0
votes

Just realized that my pipeline is wrong when it comes to erroneous events, they keep on being processed and never removed from the subscription.

Basically I have a simple pipeline which contains a trigger that would pull those events out in a file.

In one of its phases it does process the payload of the message received via PubSub and forwards it to next stages.
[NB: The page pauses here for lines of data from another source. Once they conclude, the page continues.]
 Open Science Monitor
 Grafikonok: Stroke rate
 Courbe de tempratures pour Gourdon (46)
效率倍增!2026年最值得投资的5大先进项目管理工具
However, there are cases where this will fail.

        pipeline
        .apply("Read PubSub Events",
            PubsubIO.readMessagesWithAttributes().fromSubscription(options.getSubscription()))
        .apply("Map to MyClass",
            ParDo.of(new PubSubMessageToMyClass())) // Exception thrown in this stage.
        .apply("Apply Timestamps", WithTimestamps.of(new SetTimestampFn()).withAllowedTimestampSkew(new Duration(Long.MAX_VALUE)))
        ...
        );

When the error happens, I keep on seeing the same event over and over again in the pipeline, like it never ends processing.
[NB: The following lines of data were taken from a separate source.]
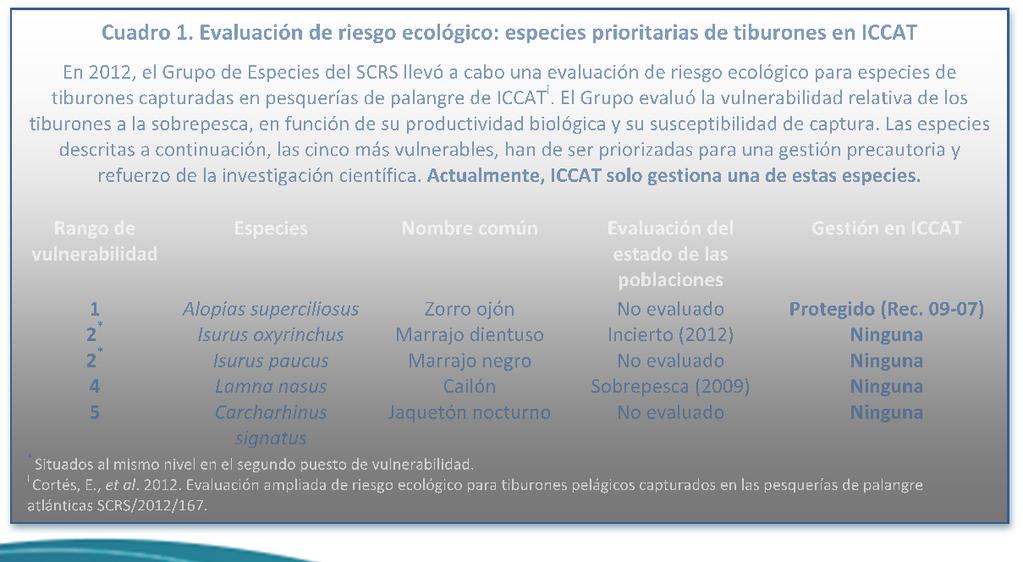 cumplimiento que obligan a las Partes Contratantes de ICCAT a la declaración de las capturas y a una mejora en la recopilación de datos de tiburones.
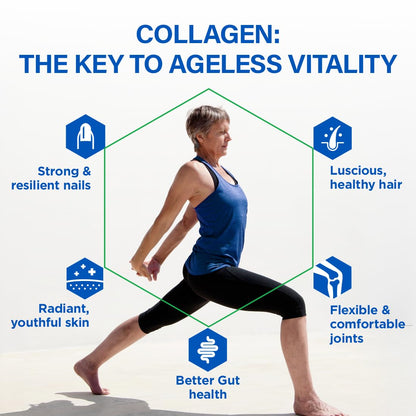 BioTrust Ageless Collagen Booster — Vegan Collagen Builder for Glowing Skin, Hair, Nails & Joints | 60 Capsules (30 Servings)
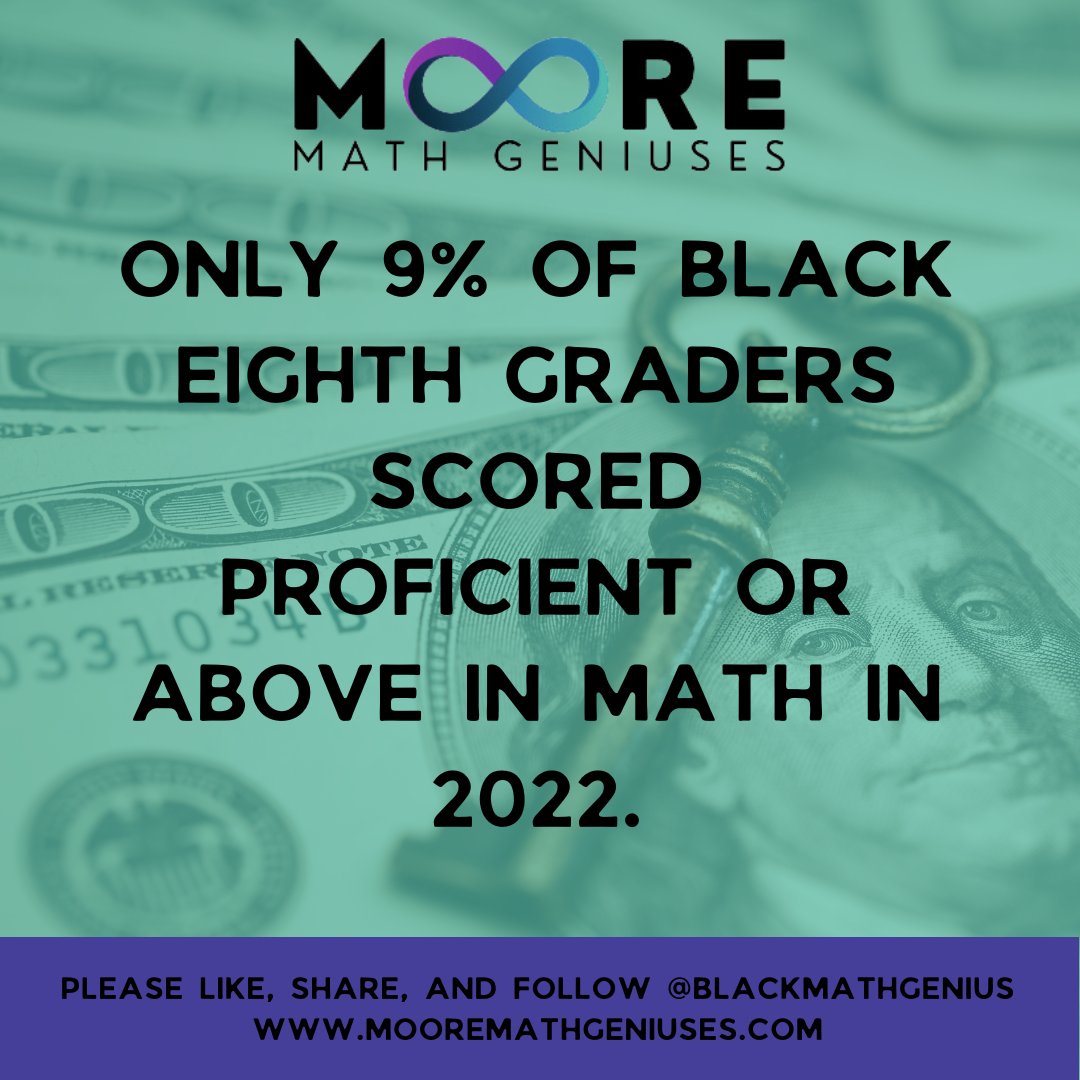 BlackMathGenius's tweet image. Only 9% of Black eighth graders scored proficient or above in math in 2022.
#BlackMathGenius
#MooreMathGeniuses
#LearnMath
#Math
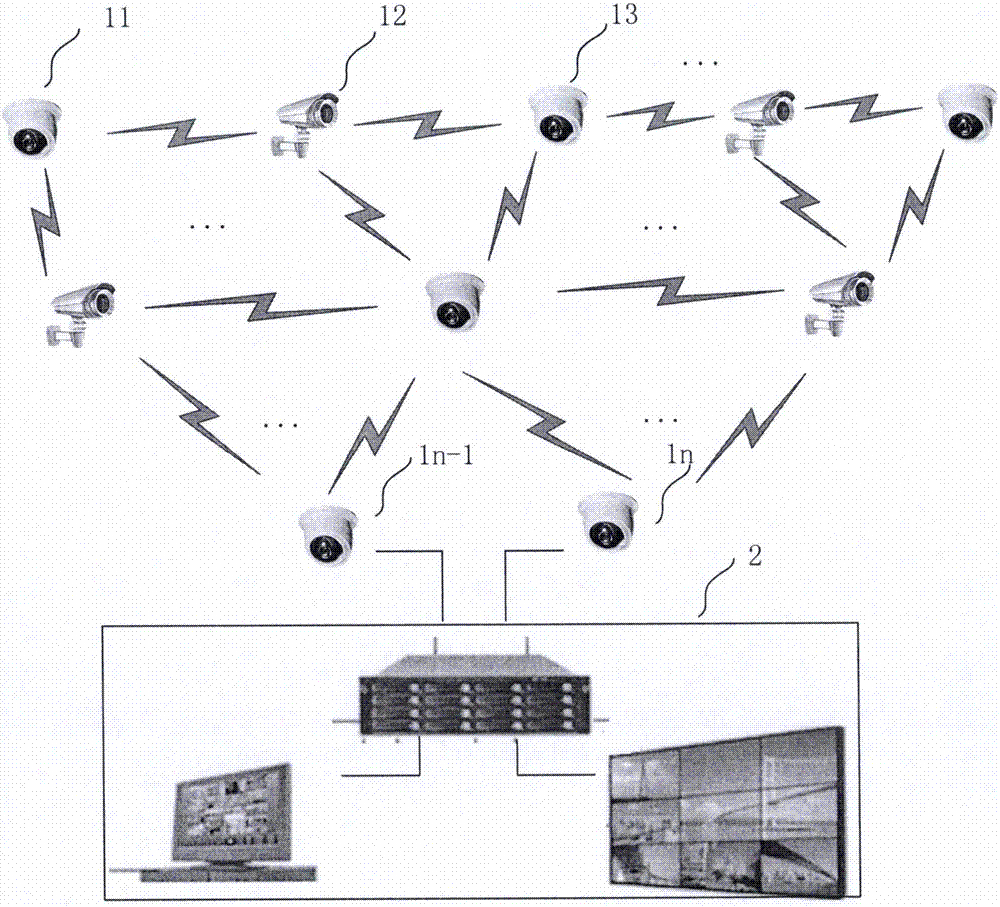 Wireless monitoring system and method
Is there any way to explicitly tell Apache Beam to invalidate a given message and prevent further failed processing?

1

1 Answers

2
votes

Dataflow processes elements in arbitrary bundles, and will retry the complete bundle when an error is thrown for any element in that bundle. When running in batch mode, bundles including a failing item are retried 4 times. The pipeline will fail completely when a single bundle has failed 4 times. When running in streaming mode, a bundle including a failing item will be retried indefinitely, which may cause your pipeline to permanently stall.

Consider guarding against errors in your code by adding exception handlers. For example, if you'd like to drop elements that fail some custom input validation done in a ParDo, use a try/catch block within your ParDo to handle the exception and drop the element.